Let $G$ be a topological group. Let $H$ be a discrete normal subgroup of $G$. Let $p : G \to G/H$ be the projection map. Show that $(G, p, G/H)$ form a covering space.
Here is what I have so far:
Since $G$ is a topological group, it is Hausdorff, so for any two points $x, y \in G$ there exists disjoint open sets $U, V$ such that $x \in U$ and $v \in V$.
Since $H$ is a discrete normal subgroup of $G$, $gH = Hg$ for all $g \in G$ and for any $h \in H$, $\{h\}$ is an open neighborhood of $h$.
I want to show that for any $\overline g \in G/H$ there exists an open neighborhood $U$ in $G/H$ such that $p^{-1}(U) = \displaystyle \bigcup_i S_i$ a disjoint union of open sets in $G$ such that $p \vert_{S_i} : S_i \to U$ is a homeomorphism, i.e., bijective, continuous and its inverse is continuous.

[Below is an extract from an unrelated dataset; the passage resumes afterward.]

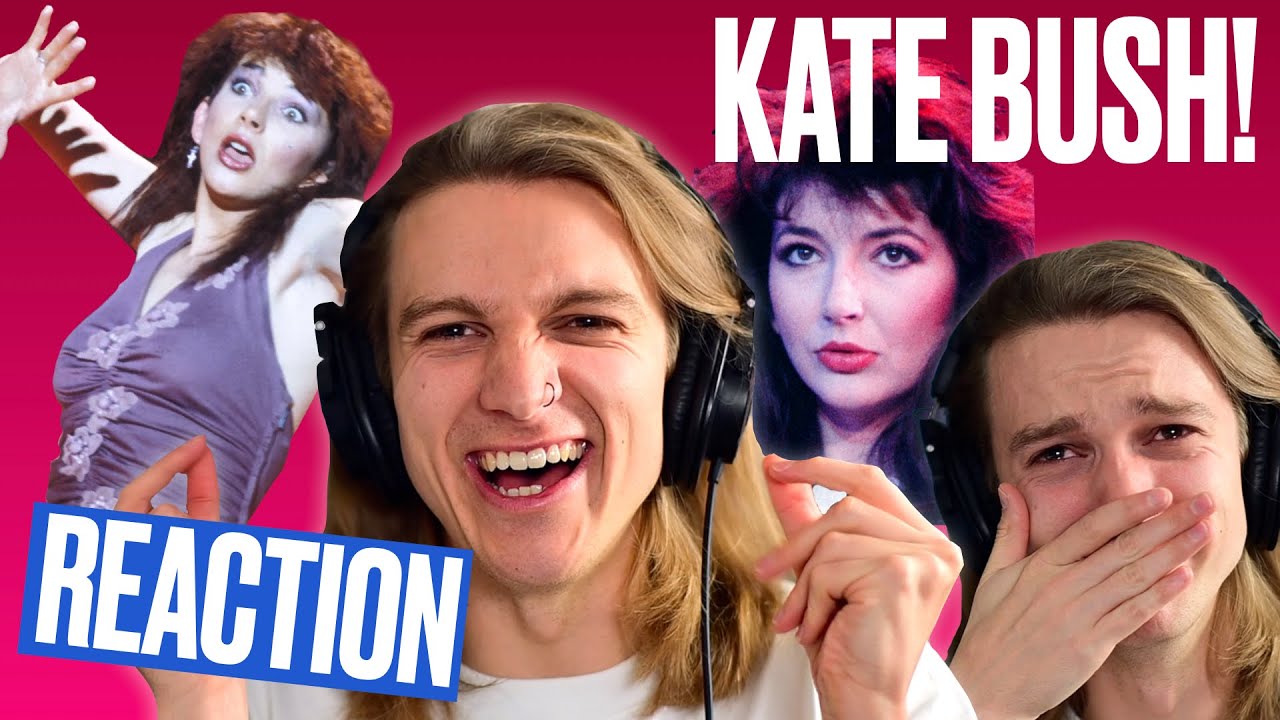 Let's Discover KATE BUSH! ~ (Songwriter Reacts)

I found this problem in Rotman's Homological Algebra, in a section on sheaves. (I don't have much topo background, but this looks like an interesting problem and I haven't been able to figure it out).
What seems like a natural approach here is to construct an open neighborhood of $\overline g$ in $G/H$ and show it satisfies these properties. I am having trouble with this, any hints/sketch, etc? How would you go about approaching this problem?
It's all rather straightforward once you know that $p \colon G \to G/H$ is an open map. Apart from that, we will need one special (open) neighbourhood of $1 \in G$.
Since $H$ is discrete, there is a neighbourhood $W$ of $1$ with $W \cap H = \{1\}$. Now let $V$ be an open symmetric (meaning $V^{-1} = V$) neighbourhood of $1$ with $V\cdot V \subset W$.
Then for any $g \in G$ we have $p(V\cdot g)$ an open neighbourhood of $p(g)$, and
$$p^{-1}(p(V\cdot g)) = \bigcup_{h \in H} V\cdot gh$$
is the decomposition we want.
If $v_1 g h_1 = v_2 g h_2$ with $v_1, v_2 \in V$ and $h_1, h_2 \in H$, then
$$v_1^{-1}v_2 = g h_1 h_2^{-1} g^{-1} \in V^{-1}\cdot V \cap H = \{1\},$$
so $v_1 = v_2$ and $h_1 = h_2$, hence the different $V\cdot gh$ are disjoint. This also shows that $p\lvert_{V\cdot gh}$ is injective, since if $p(v_1gh) = p(v_2gh)$, then there is a $h' \in H$ with $v_1 gh = v_2 ghh'$.
For each $h \in H$, the restriction $p\lvert_{V\cdot gh} \colon V\cdot gh \to p(V\cdot g)$ is bijective, continuous and open, hence a homeomorphism.
To see that $p$ is open, note that $U \subset G/H$ is open if and only if $p^{-1}(U)$ is open in $G$ by the definition of the quotient topology, and for $W \subset G$ open, we have $p^{-1}(p(W)) = \bigcup\limits_{h\in H} W\cdot h$ a union of open sets, hence open.
It is worth noting, in case it isn't already known, that the quotient topology makes $G/H$ a topological group, and since $H$ is discrete, it is closed, therefore $G/H$ is a $T_1$ space, and for topological groups, that implies that it is a Hausdorff space (even if $G$ isn't Hausdorff, the quotient by a closed normal subgroup is always Hausdorff).